# Is it possible to bowhunt.............



## bbjavelina (Jan 30, 2005)

As far as I can tell, the most popular way to hunt in SA is sitting over an artificial waterhole. All of the outfitters I have talked to, and the one I have hunted with, allow, and even encourage spot and stalk.

The outfit I'll be going with in August is behind high fence. All 20,000 acres of it. That's close enough to free range for me, but I realize it may not suit others. I'll be 63 at the time.

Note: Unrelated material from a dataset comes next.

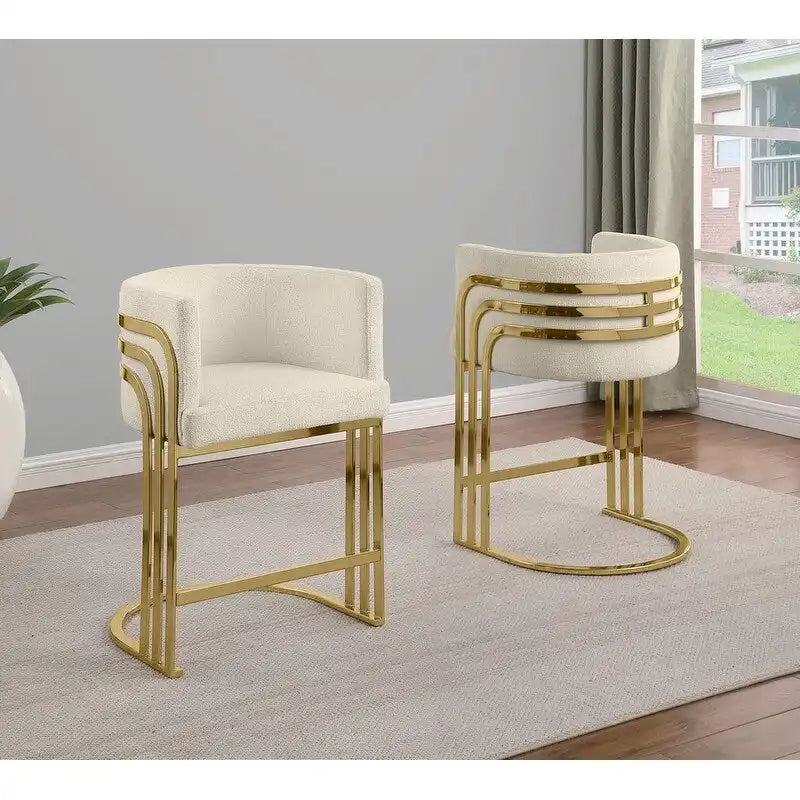 Tabouret de bar en tissu Teddy de qualité supérieure avec base chromée dorée (lot de 2) - Non disponible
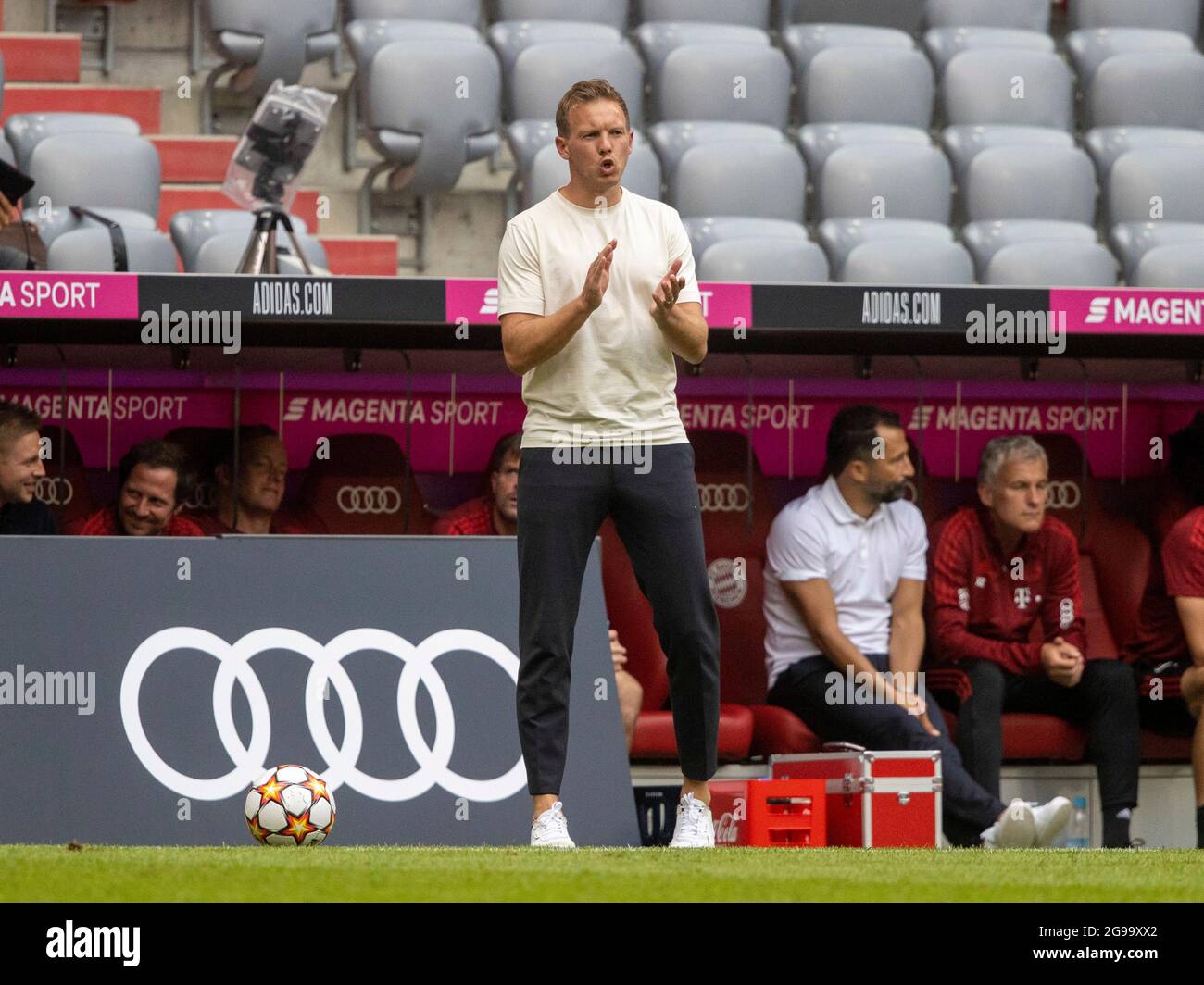 Bayern coach Julian NAGELSMANN. Soccer, FC Bayern Munich (M) - Ajax Amsterdam (AMS) 2: 2, preparatory game for the 2021-2022 season, on July 24th, 2021 in Muenchen, ALLIANZARENA, Germany. ¬ Stock Photo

Contact the outfitters directly, attend an SCI show, and ask on the South Africa forum here on AT and I believe you can find what you want. Most of the outfitters thesedays will send you a DVD of recently conducted hunts when requested. Gives you and idea of the terrain and cover. If you decide to go, and if I can answer any questions, let me know.

Best of luck to you.


----------



## NGONYAMA (May 24, 2010)

All game farms are fenced in S Africa but on a large farm you may not even see the fence other than the main gate entance.I used to walk and stalk on our own farm.For me,it's the best way of hunting but the most difficult.You need some form of cover to get to your quarry especially if there are Impala and monkeys around.A friend of mine hunted barefoot for stealth-feet made by Good year.Many farms offer walk+stalk,but you may go home emply handed.


----------



## 45er (Jan 18, 2009)

thank you for this information. I appreciate the responses.


----------



## SilentT (Sep 16, 2005)

I will be returning in 2011 to an outfit that caters to spot and stalk. Yes, there is a perimeter fence, but the area is very big. I agree with you, i didn't want to sit in a blind at water all day. I'm actually looking for a partner to go this July if you are interested. The outfit is Spiral Horn Safaris (http://www.spiralhorn.co.za/). Shoot me a PM if you are interested. I have one other guy interested and would love one more.


----------



## harm_hunter (Jan 5, 2010)

i know of at least 1 game ranch that allows spot/walk and stalk hunting,as it's primarily a rifle-hunting farm.it was the 1st farm i hunted on,and other than the Wildebeest calf i shot last year,i have yet to take an animal.
ranch is Emaweni game ranch situated about 30 kms from the town of Colenso in KwaZulu Natal. - http://www.emaweni.com/en/


----------



## harm_hunter (Jan 5, 2010)

i forgot to add - the ranch mentioned above is part of a 20 000 hectare biosphere.until 4 or 5 years back there was a herd of 5 or 6 elephant roaming in the area.the neighbouring ranch [Thugela game ranch] specialises in bowhunts.
then there's Hamish Kead of Lowlands Safaris,also a recommended outfitter in KZN.


----------



## Zhunter1 (Oct 10, 2007)

I have hunted spot and stalk several times in both SA and Zim, just to let you know, if you think White-tailed deer are spooky and on full alert, you will be amazed by Impala. Impala make White-tailed deer look like they have been sedated.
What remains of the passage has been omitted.